Having now touched on the challenges, what has delighted or surprised you about the sector in your 10 years?
The most positive experiences are those with the people that benefit from electrification, those are just the most heart-warming moments. When a project comes together as a result of fantastic teamwork between different parties, different companies, NGOs, government agencies, and in the end, a village is electrified, schools have electric power for the first time ever. Those are priceless moments and make all of us get out of bed in the mornings.
Is there another sector that you look at for inspiration, in terms of what you'd like the energy sector to be like? I know a lot of people for example, admire the telecoms industry.
I actually do work with analogies a lot when comparing, especially the off grid and electrification space. I mean, energy is very broad and I believe we have different tiers within the sector that have reached different levels of maturity and professionalism. And when we look at electrification, decentralised power supply, it's still a bit of greenfield test area that is yet to mature. 


Due to my background in the automotive industry, I use analogies from the automotive industry quite frequently. And one has to do with standardisation and simplicity and cost effectiveness and continuous improvement, one of the Kaizen mantras in the automotive industry since Toyota came up with their continuous improvement philosophy back in the 70s. I think that needs to be applied more rigorously and more effectively throughout our industry as well. And it's one of the things we take very seriously in designing and delivering our solutions. Another one we're getting at is to make financing solutions available with products. 

Another analogy that I like to use, comparing the electrification space with other more mature industries, is access to finance for the application of products. What I mean with that is asset finance tools that are readily available in the automotive sector again, but also in other equipment businesses. Even diesel generators you can lease and rent and finance on every corner. There is still not a standard solution for solar systems for instance. 
Hence our initiative to offer long-term leasing but also short-term construction finance for our containerised solar systems. They remain movable assets. They have a lot in common with other standardised commoditised product solutions. So we're taking the complexity out of this business model and offering these added values on these added services on the finance side.

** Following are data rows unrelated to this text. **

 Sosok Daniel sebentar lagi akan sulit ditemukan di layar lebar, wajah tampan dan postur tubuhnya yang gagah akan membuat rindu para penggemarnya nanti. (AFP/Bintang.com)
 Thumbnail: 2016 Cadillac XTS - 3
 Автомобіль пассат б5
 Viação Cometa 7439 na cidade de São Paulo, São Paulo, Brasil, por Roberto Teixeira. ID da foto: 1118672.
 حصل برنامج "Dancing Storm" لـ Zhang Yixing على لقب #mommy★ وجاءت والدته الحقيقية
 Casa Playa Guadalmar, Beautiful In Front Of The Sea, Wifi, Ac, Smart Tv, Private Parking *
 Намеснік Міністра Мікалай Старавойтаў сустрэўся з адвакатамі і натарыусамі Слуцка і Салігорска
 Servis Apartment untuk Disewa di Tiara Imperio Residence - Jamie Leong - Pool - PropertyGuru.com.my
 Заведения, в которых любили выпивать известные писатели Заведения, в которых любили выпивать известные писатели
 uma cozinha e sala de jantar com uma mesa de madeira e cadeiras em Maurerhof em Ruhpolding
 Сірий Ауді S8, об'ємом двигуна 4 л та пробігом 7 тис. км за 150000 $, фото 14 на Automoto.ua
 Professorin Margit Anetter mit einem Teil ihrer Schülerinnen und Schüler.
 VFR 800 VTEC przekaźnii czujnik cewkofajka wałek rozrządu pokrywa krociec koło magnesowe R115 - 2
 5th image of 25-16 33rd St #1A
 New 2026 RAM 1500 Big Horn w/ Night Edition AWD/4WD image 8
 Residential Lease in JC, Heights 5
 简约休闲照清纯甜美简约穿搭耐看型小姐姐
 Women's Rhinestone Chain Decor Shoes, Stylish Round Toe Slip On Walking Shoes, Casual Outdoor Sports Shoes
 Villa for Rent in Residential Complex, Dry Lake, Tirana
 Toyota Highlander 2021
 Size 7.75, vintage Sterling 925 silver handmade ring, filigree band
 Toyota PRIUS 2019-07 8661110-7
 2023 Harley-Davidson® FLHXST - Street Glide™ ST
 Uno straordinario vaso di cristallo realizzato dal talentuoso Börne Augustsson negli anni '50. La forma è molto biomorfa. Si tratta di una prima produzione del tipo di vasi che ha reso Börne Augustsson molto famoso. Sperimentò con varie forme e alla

Let’s talk about the gas-to-power projects you are involved in.
We are a player in the gas-to-power sector for decentralised and onsite power generation. So, where gas-to-power is often seen in the context of large scale, utility size power supply and will play a very significant role in the years to come across the continent; decentralised onsite power generation, using gaseous fuels, like cleaner natural gas or bio methane, biogas and landfill gas, is a sector that we focus on to offer more sustainable energy supply solutions and a degree of power autonomy, which is so important in areas of insecure power supply.


You're on the advisory board for Enlit Africa. How excited are you about this event? And how important is it for the industry to gather like this?
I've been a regular visitor and follower of African Utility Week, now Enlit, for the last six years. And it's almost guided me into the industry. This event, but also the media around it, I think, represents the industry very, very well across the continent. Most significant players are represented and all the relevant energy topics come up in the various activities, panels, discussions, so. Of course, living in Cape Town, it gives us a bit of a home advantage with the event, but judging by the visitors and people getting involved, it really is the the lighthouse event on the continent for the industry.


What are you hoping for this year for Enlit Africa?
I hope that the new format of the Enlit event will be as fruitful and maybe even more fruitful than the traditional old formats we've all been used to. While many of us will miss the social interaction and the direct personal touch of the event, I hope that it will give access to an even wider range of topics and people and companies to exchange ideas and thoughts with.